(ABOUT THIS TASK) All lines from the one holding "24.6.2013 Section 2" through the last line of the entries below must be transcribed exactly, and no others. Pictures do not go in.

(EXERCISE DATA)

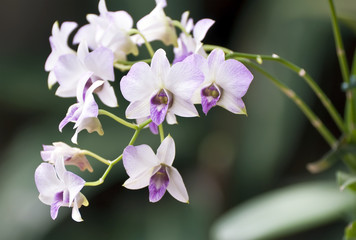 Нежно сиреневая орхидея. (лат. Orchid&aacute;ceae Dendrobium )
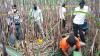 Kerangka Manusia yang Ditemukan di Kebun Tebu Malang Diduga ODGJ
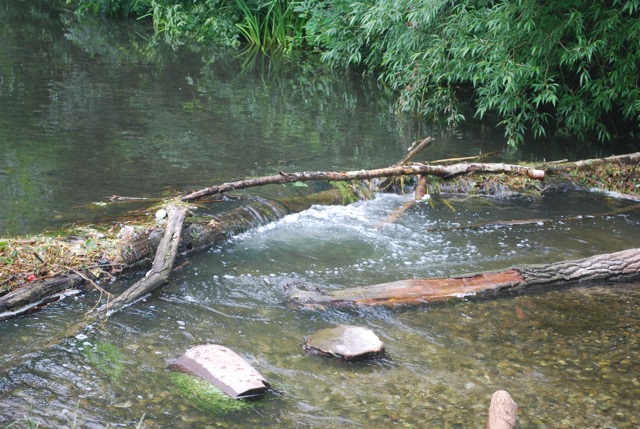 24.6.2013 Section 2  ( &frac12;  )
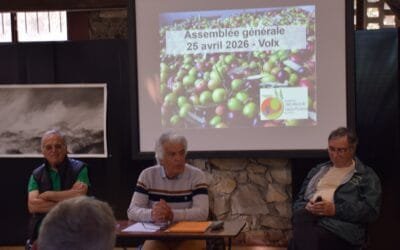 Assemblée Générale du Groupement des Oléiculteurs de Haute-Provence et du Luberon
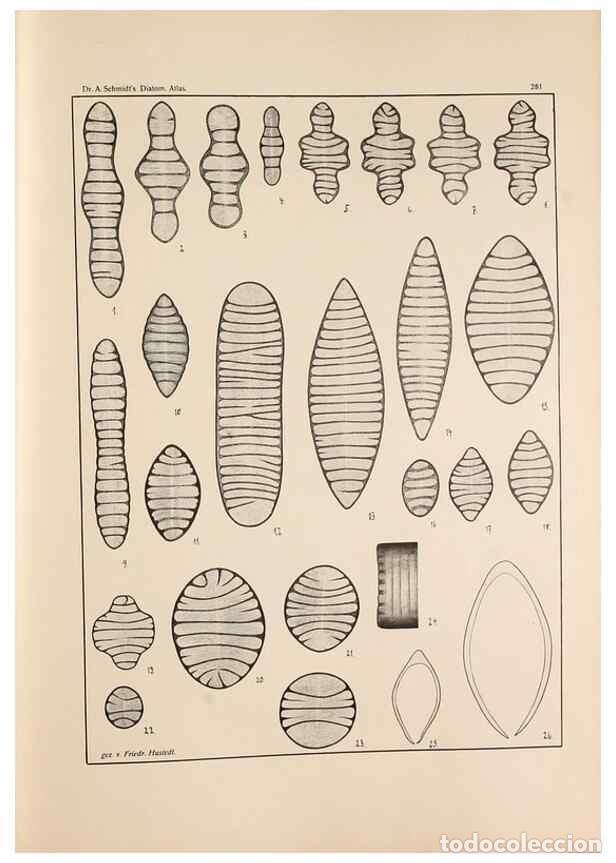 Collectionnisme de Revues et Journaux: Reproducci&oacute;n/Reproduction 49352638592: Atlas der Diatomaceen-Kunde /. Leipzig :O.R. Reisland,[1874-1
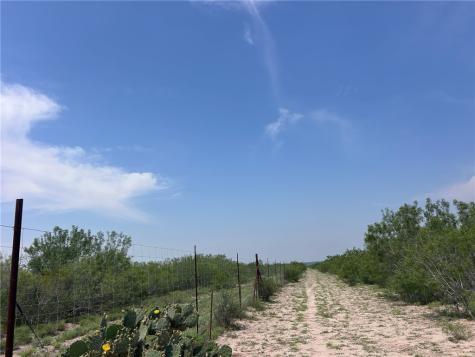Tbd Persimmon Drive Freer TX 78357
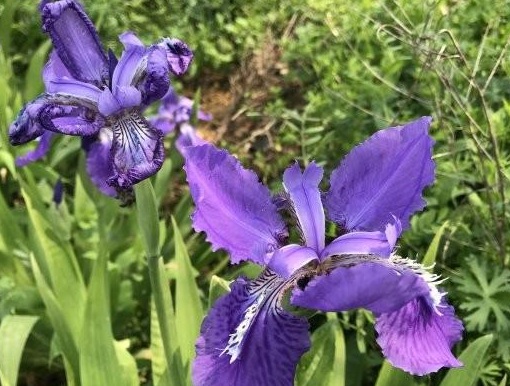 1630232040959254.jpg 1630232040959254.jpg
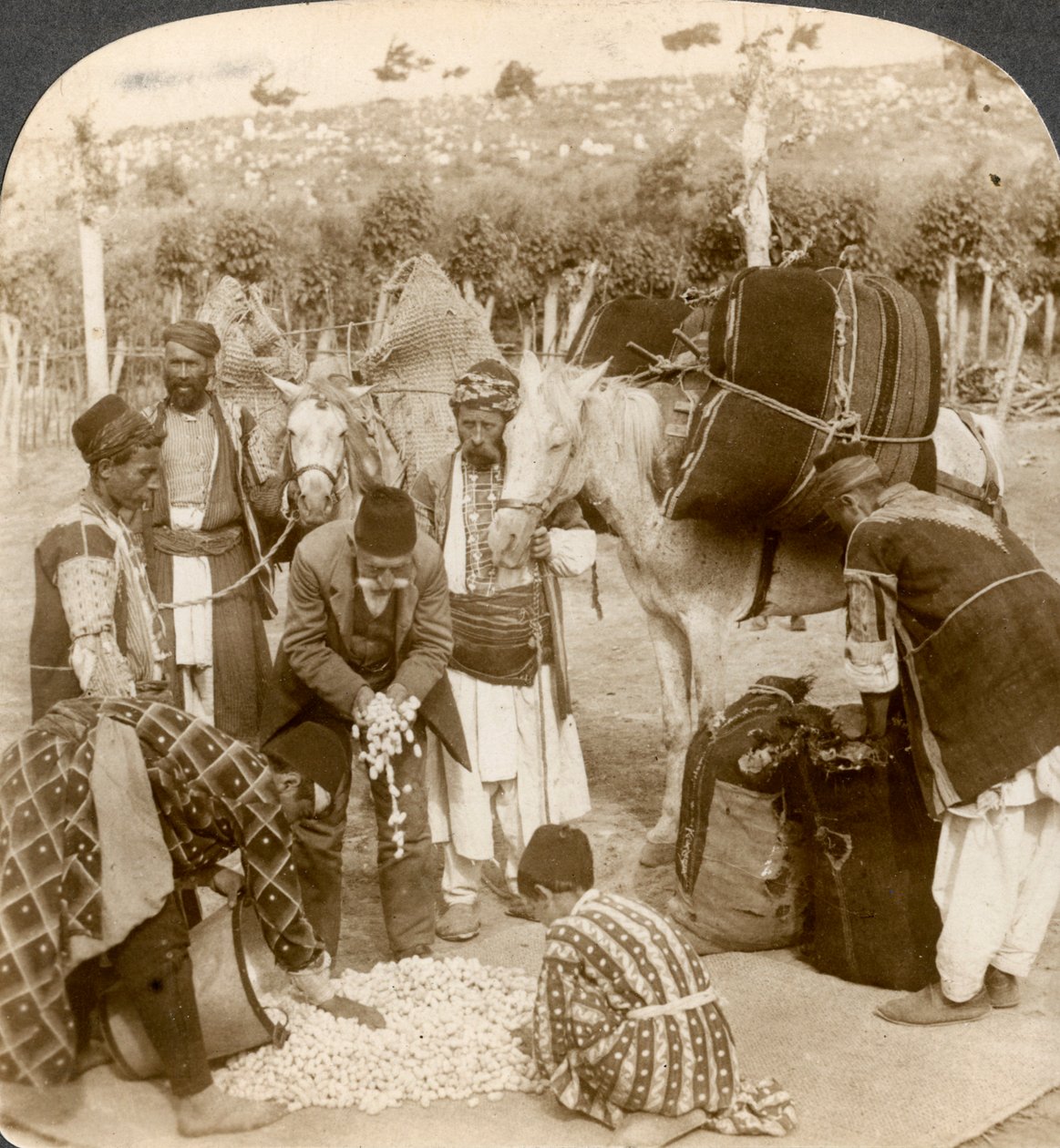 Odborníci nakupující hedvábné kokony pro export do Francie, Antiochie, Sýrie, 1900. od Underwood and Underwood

(TASK ANSWER)
 24.6.2013 Section 2  ( &frac12;  )
 Assemblée Générale du Groupement des Oléiculteurs de Haute-Provence et du Luberon
 Collectionnisme de Revues et Journaux: Reproducci&oacute;n/Reproduction 49352638592: Atlas der Diatomaceen-Kunde /. Leipzig :O.R. Reisland,[1874-1
Tbd Persimmon Drive Freer TX 78357
 1630232040959254.jpg 1630232040959254.jpg
 Odborníci nakupující hedvábné kokony pro export do Francie, Antiochie, Sýrie, 1900. od Underwood and Underwood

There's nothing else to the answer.